The furor over Michael Stonebraker’s criticism of Facebook’s scaling of its MySQL database we covered last Thursday has continued to keep that post at the top of our viewer stats and generate comments on the post itself and on Twitter. Friday, Amazon’s CTO Werner Vogels weighed in with a tweet of his own that seemed to accuse Stonebraker of hubris.
scaling data systems in real life has humbled me. I would not dare criticize an architecture that the holds social graphs of 750M and works
— Werner Vogels (@Werner) July 8, 2011
Vogels isn’t alone. Other tweets and even blog posts from folks in the industry have accused Stonebraker of throwing Facebook under the bus in order to sell his VoltDB software, such as this one from networking guru and CEO of Boundry Ben Black:
Stonebraker, who doesn't work at Facebook or have 750M users, insists they have a scaling problem for which he is selling the solution.
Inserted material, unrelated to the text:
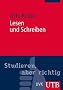 Lesen und Schreiben: Der richtige Umgang mit Texten im Studium. Studieren aber richtig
— RasbenjiPi (@b6n) July 7, 2011
The comments in the post range from those that shed more details on how Facebook uses its database layer to those that show a fairly sophisticated understanding of the tradeoffs of using an existing database technology versus investing in putting a production system on a new and possibly untested new system. However, most of all it illustrates how scaling data has become not just a hot-button issue — but one so complex that it’s difficult to reduce it to cute soundbites like NoSQL or NewSQL. There also seems to be a fundamental schism between those who want the most elegant and appropriate solution and those who want something that works, which they will tweak it as needed. And for technologists, that debate is as old as computers themselves.